Why deploy RAG on AWS?
For Australian businesses, AWS is the most common choice for production RAG deployments. The reasons are practical:
- Sydney region (ap-southeast-2): All data stays in Australia — important for Privacy Act compliance
- Complete stack: Everything you need is available — compute, storage, vector search, LLM access
- Security: VPCs, encryption, IAM, CloudTrail logging — enterprise-grade by default
- AWS Bedrock: Access to Claude, Mistral, and other models via API, with data never leaving your account
- Most organisations are already on AWS: Reduces the integration overhead
Reference architecture
A typical production RAG deployment on AWS includes:
Ingestion pipeline
- S3: Document storage — PDFs, Word files, HTML. The source of truth.

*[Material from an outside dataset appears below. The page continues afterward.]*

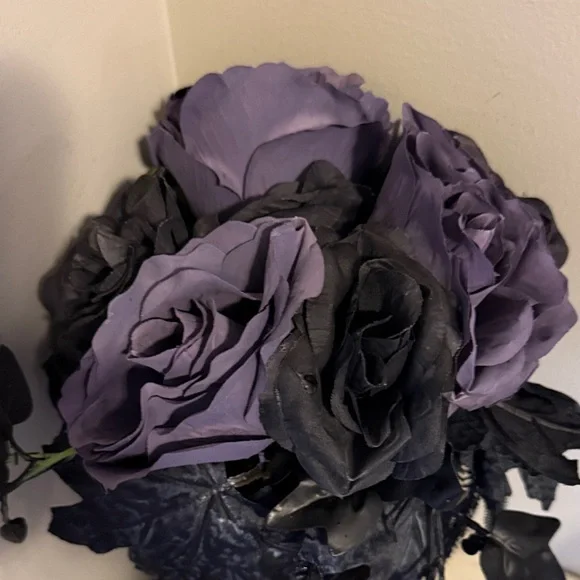 Vase with Purple Rose  NEW NWT ROOM DECOR GOTHIC GOTH Bouquet dead regency - Picture 3 of 5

- Lambda / ECS: Document processing — text extraction, chunking, metadata extraction.
- Amazon Bedrock: Embedding generation (Titan Embeddings or third-party models).
- OpenSearch / Aurora pgvector: Vector storage. Chunks + embeddings + metadata.
Query pipeline
- API Gateway + Lambda / ECS: API layer for user queries.

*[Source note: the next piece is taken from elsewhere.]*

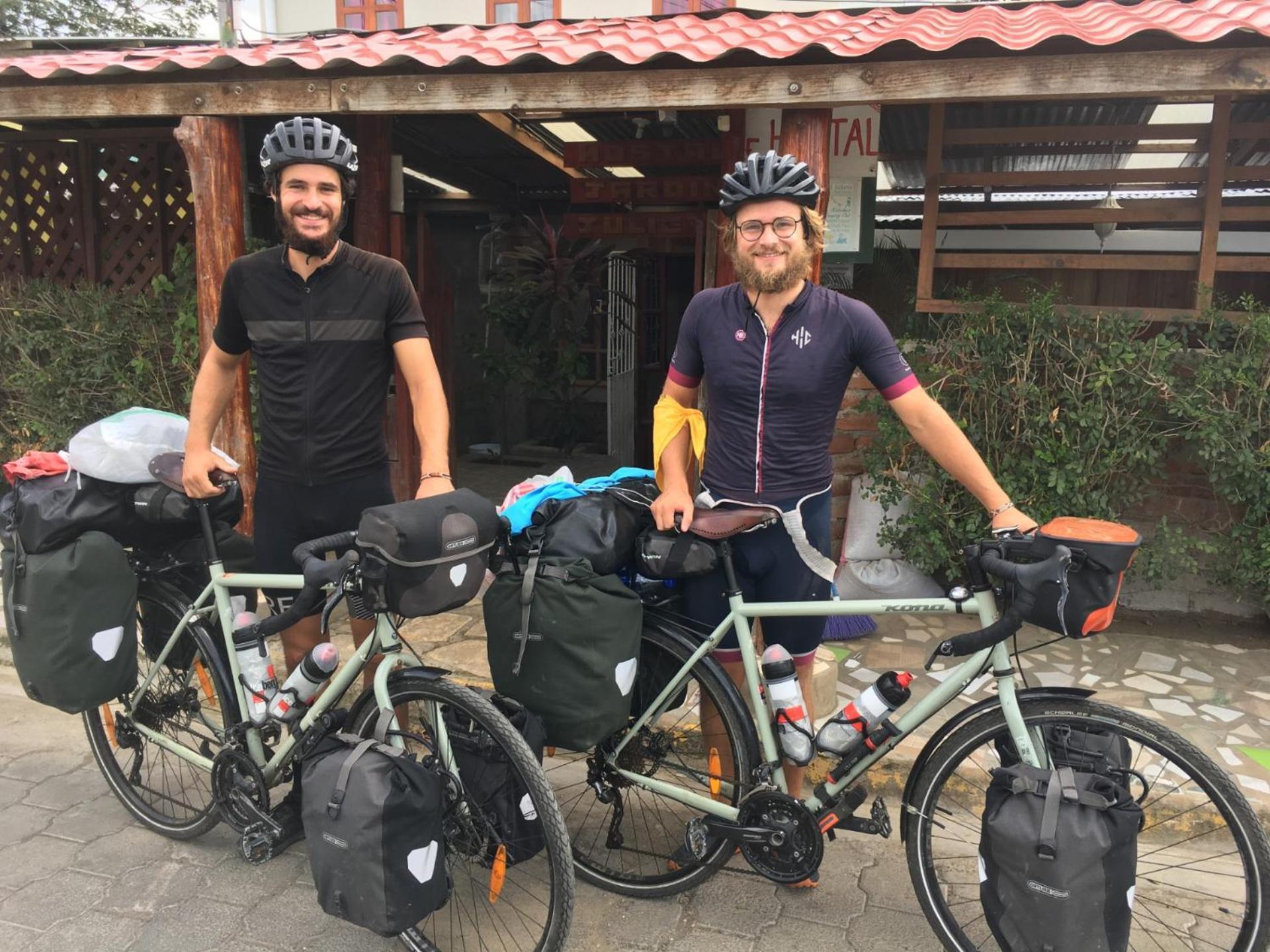 Murph'S Surf Shacks Rivas Bagian luar foto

- OpenSearch / pgvector: Vector search to retrieve relevant chunks.
- Amazon Bedrock: LLM inference (Claude, Mistral) for answer generation.
- CloudWatch: Logging, monitoring, cost tracking.
Front-end
- CloudFront + S3: Static web app (React, Next.js) or integration into your existing app.
- Cognito: User authentication and access control.
Security layers
Network isolation
Deploy all components within a VPC. Use VPC endpoints for AWS services (S3, Bedrock, OpenSearch) so no traffic leaves the private network.
Encryption
- At rest: KMS-managed encryption for S3, OpenSearch, Aurora, and any EBS volumes.
- In transit: TLS everywhere. API calls, database connections, inter-service communication.
Access control
- IAM policies: Least-privilege access for all services and roles.
- Document-level permissions: Tag chunks with access levels and filter at query time.
- Cognito groups: Different users see different documents based on their role.
Audit trail
- CloudTrail: Log every API call and service interaction.
- Application logging: Log queries, retrievals, and generated answers for review.
- Retention policies: Define how long logs are kept, align with compliance requirements.
Australian data residency
For Privacy Act and APRA compliance, ensure:
- All S3 buckets are in
ap-southeast-2 - OpenSearch / Aurora instances are in
ap-southeast-2 - Bedrock model inference happens in
ap-southeast-2(Claude and Titan are available there) - No cross-region replication is enabled unless explicitly required
- CloudFront caching policies don't store sensitive data at edge locations
AWS Bedrock advantage: When you use Bedrock, your data is processed within your AWS account. It's not used to train models and doesn't leave the region.
Cost considerations
RAG on AWS typically costs less than people expect. For a mid-size deployment:
- Bedrock (LLM calls): $0.003–0.015 per 1K input tokens depending on model. Budget for your expected query volume.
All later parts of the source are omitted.